(Saved data entries)
========

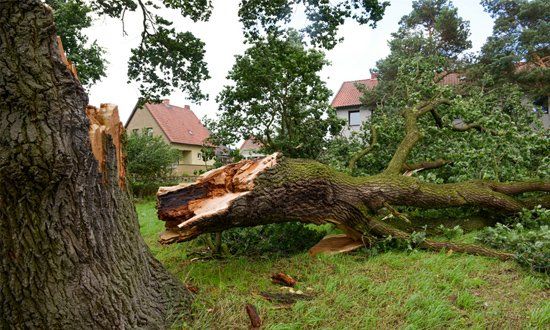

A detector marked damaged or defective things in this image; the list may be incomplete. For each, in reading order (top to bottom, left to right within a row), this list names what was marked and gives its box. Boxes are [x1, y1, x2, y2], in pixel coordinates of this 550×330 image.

splintered wood [86, 104, 127, 188]
splintered wood [158, 153, 280, 244]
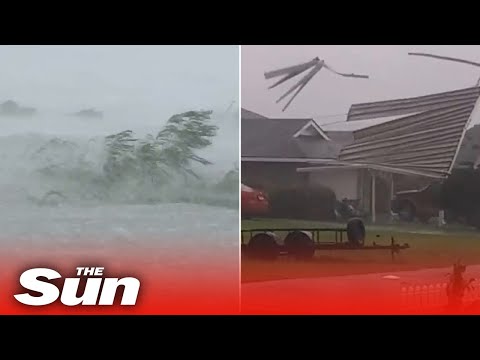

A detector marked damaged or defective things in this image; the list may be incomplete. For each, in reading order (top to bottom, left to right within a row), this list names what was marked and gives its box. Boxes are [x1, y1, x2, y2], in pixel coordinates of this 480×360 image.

damaged house roof [338, 86, 480, 179]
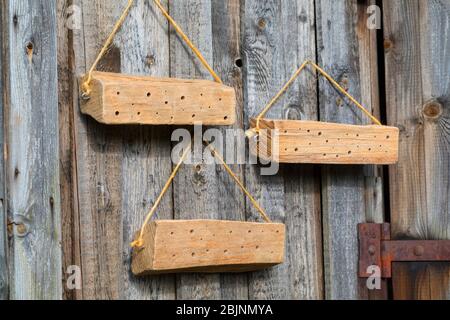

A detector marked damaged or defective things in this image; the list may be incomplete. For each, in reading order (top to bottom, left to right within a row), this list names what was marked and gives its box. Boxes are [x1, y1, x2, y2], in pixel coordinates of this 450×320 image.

rusty metal hinge [358, 224, 450, 278]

========

== Exercise details ==
Nothing should appear in the answer except the lines from the one containing "this 450×320 image." to the end of the data above, reproduced exactly.

== Solved problem ==
A detector marked damaged or defective things in this image; the list may be incomplete. For each, in reading order (top to bottom, left to right within a row), this list names what was marked and gives its box. Boxes are [x1, y1, x2, y2], in pixel coordinates of this 450×320 image.

rusty metal hinge [358, 224, 450, 278]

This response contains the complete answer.